GenAI Evaluation and Drift Detection Overview

Similar to PSI, SPC and Custom Drift Profiles, Scouter provides support for both offline and on-line GenAI evaluations/drift detection of GenAI services.

Why monitor GenAI Services?

This point has been made multiple times by others, so we won't rehash it here, but evaluating GenAI services is critical for ensuring the quality and reliability of your LLM-powered applications. GenAI applications may hallucinate or output content that's not quite in line with what you expect. And for customer-facing applications, this can lead to poor user experiences or even harmful outcomes. So knowing when you service is drifting from expected behavior is crucial. Monitoring/Evaluating GenAI services is often important in offline settings as well, where you may want to run batch evaluations for regression testing or model comparisons.

What does Scouter provide for GenAI Evaluation?

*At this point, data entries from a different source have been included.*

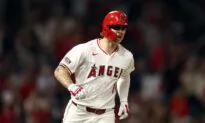 Mickey Moniak’s HR Lifts Angels Over Mariners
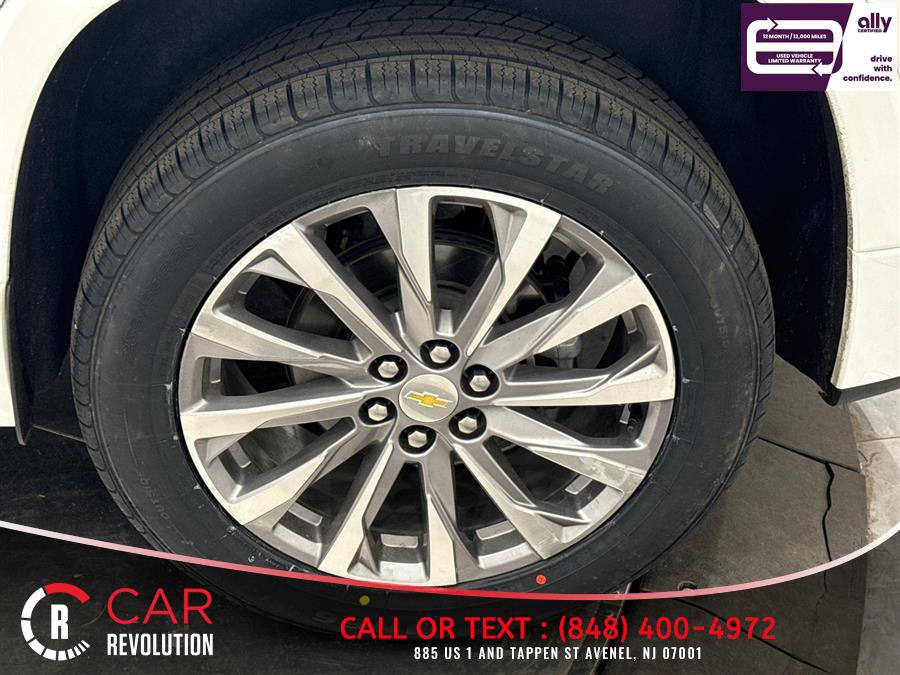 Used 2023 Chevrolet Traverse Premier FWD image 55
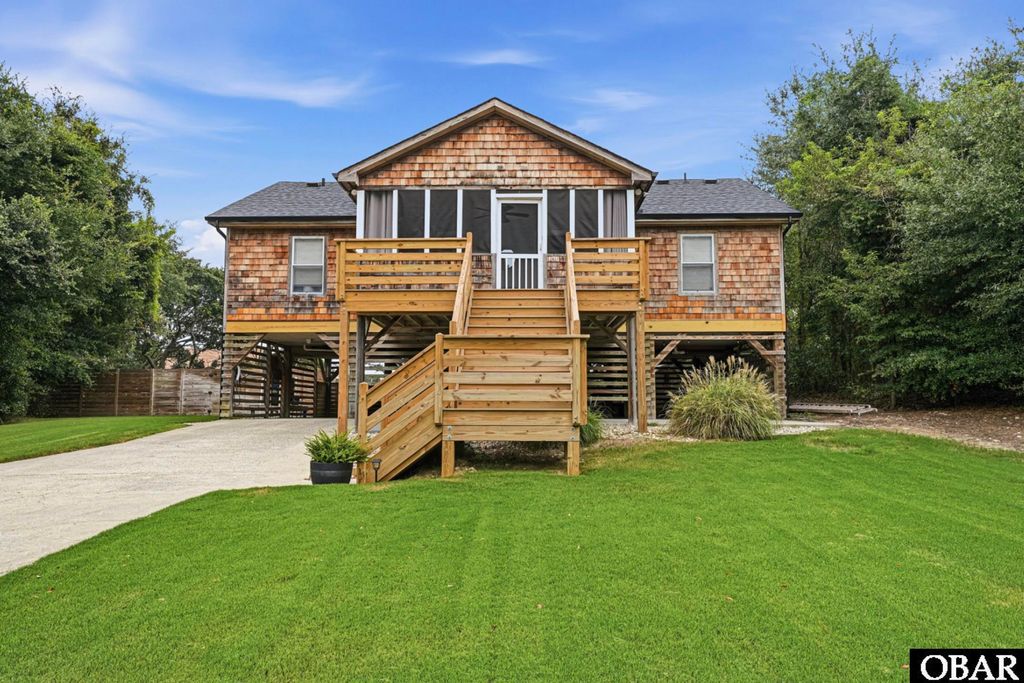 Image 2 of property listing at 326 Sea Oats Trail, Southern Shores, NC 27949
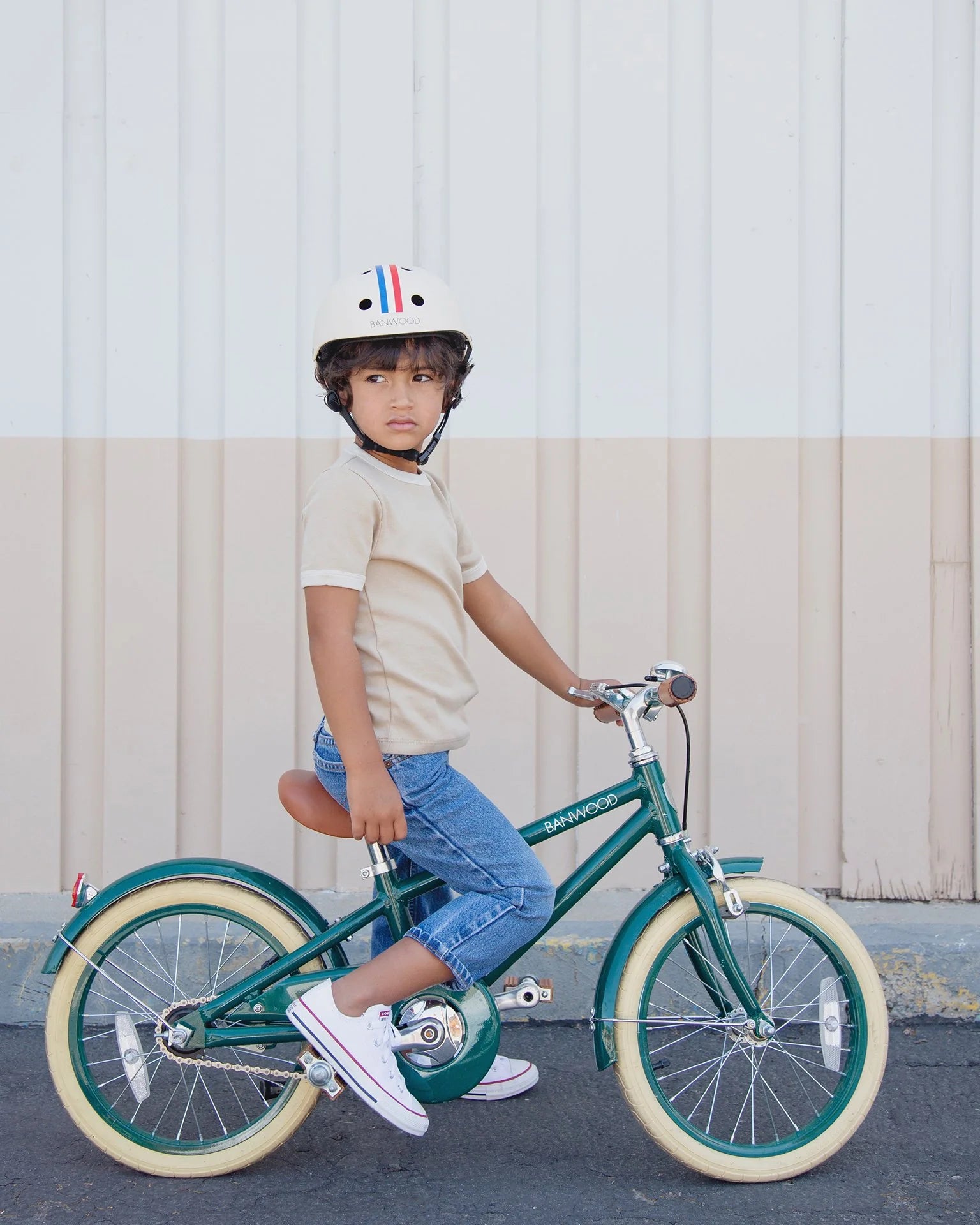 banwood red bike helmet Stripes Classic Bike Helmet – Mochi Kids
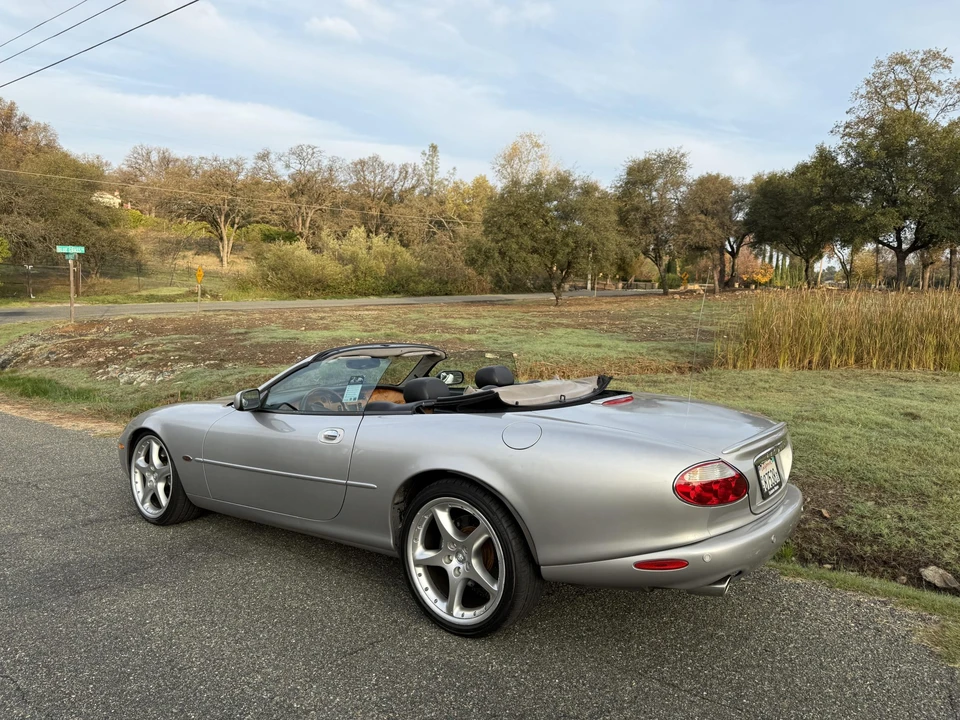 2002 Jaguar X100 XKR - Image 9 of 31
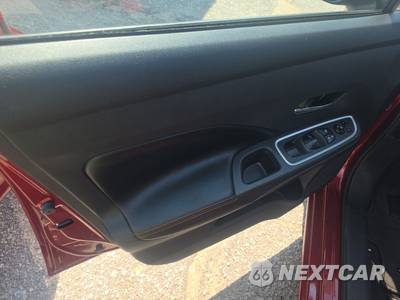 2024 Nissan Versa SR - zdjęcie 9 z 18 - miniatura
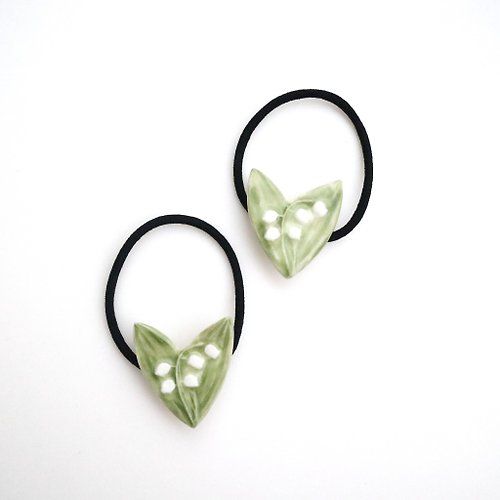 po-to-bo Lily of the valley hair tie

Building Blocks for GenAI Evaluations

Before going over offline and online evaluations, it's important to understand how tasks (AssertionTask and LLMJudgeTask) work in Scouter for GenAI evaluations. These tasks allow you to define prompts, expected outputs, and evaluation criteria for your GenAI services. You can chain multiple tasks together to create complex evaluation workflows that assess various aspects of your service's performance. More on this can be found in the Task Building Blocks Section.

Offline Evaluation

One of our goals with GenAI evaluations is to maintain parity between offline and online evaluations. This means you can define your evaluation tasks once and use them both for offline batch evaluations as well as on-line. This ensures consistency in how you measure your LLM's performance across different environments and versions. To run offline evaluations, you can use the GenAIEvalDataset along with the GenAIEvalRecord class and LLMJudgeTask and AssertionTask to run evaluations against a set of records. More on this can be found in the Offline Evaluation Documentation.

Online Drift Detection

In line with our other drift tooling, Scouter provides a way to define GenAI Eval Profiles that can be used to monitor your LLM services in real-time. These profiles allow you to specify both tasks and alert criteria, so you can be notified when your LLM's performance degrades or drifts from expected behavior. This is done using the GenAIEvalProfile, GenAIEvalConfig, LLMJudgeTask and AssertionTask classes. More on this can be found in the Online Evaluation Documentation.